• Exercise description: What are the lines, word for word, from the line with "Roblox> Redeem your" up to and including the line with "Balenciaga Balenciaga short" in the records below? Omit the pictures.

• Data listing:
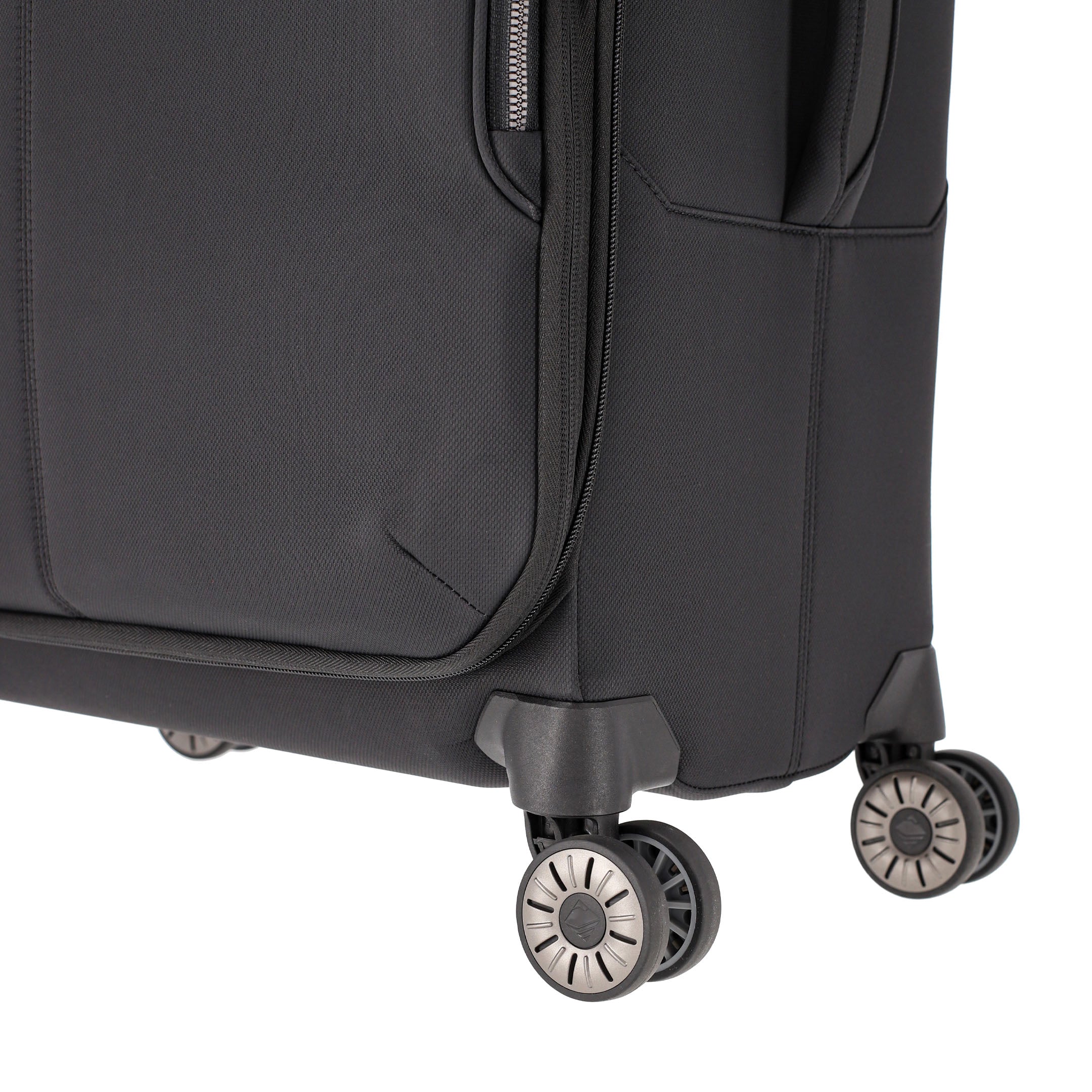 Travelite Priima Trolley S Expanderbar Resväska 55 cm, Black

* * *

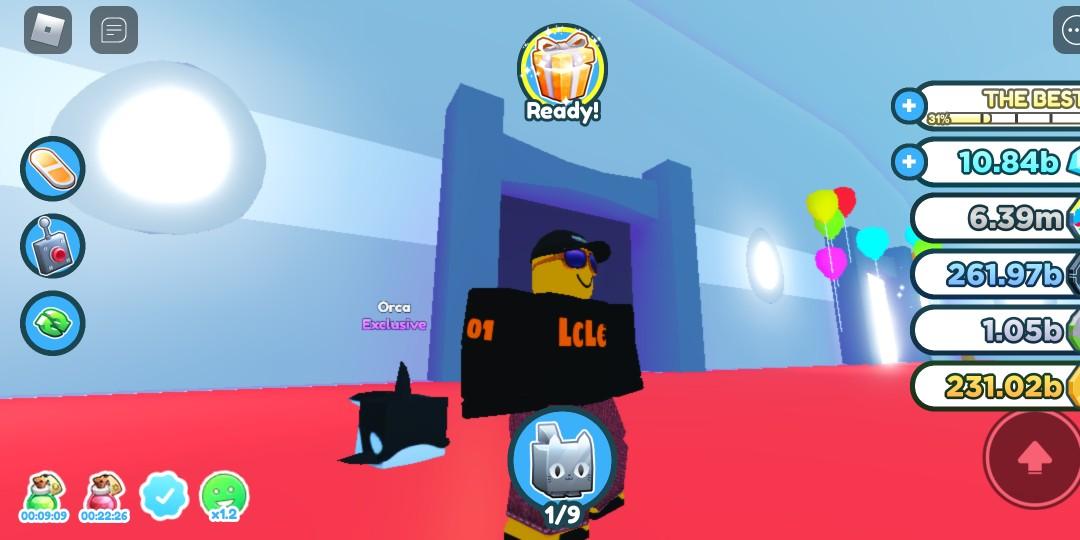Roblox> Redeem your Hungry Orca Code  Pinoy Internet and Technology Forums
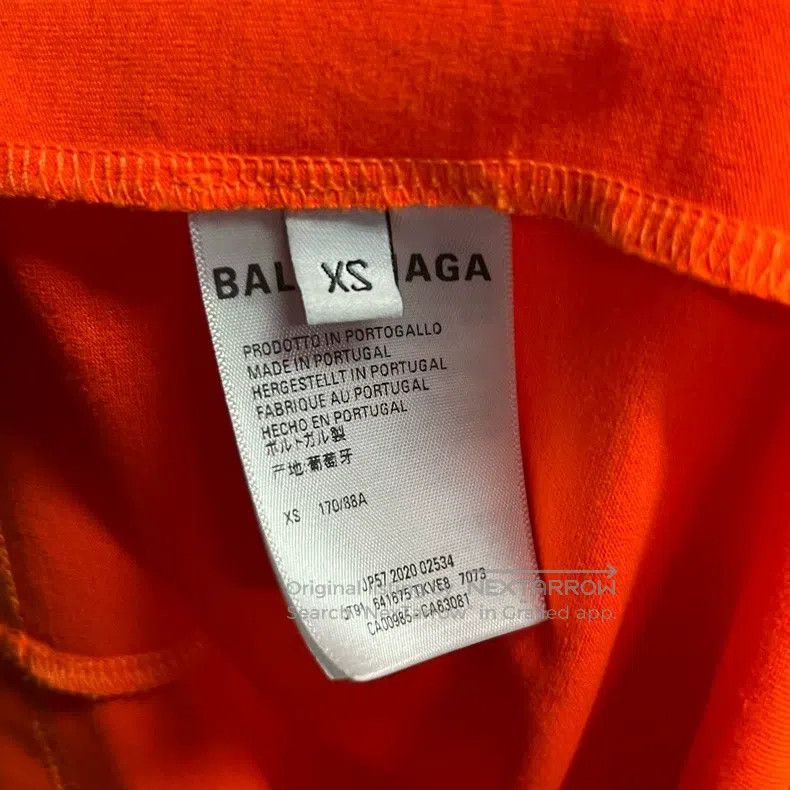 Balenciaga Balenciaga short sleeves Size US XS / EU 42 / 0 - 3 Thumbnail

• Task response:
Roblox> Redeem your Hungry Orca Code  Pinoy Internet and Technology Forums
 Balenciaga Balenciaga short sleeves Size US XS / EU 42 / 0 - 3 Thumbnail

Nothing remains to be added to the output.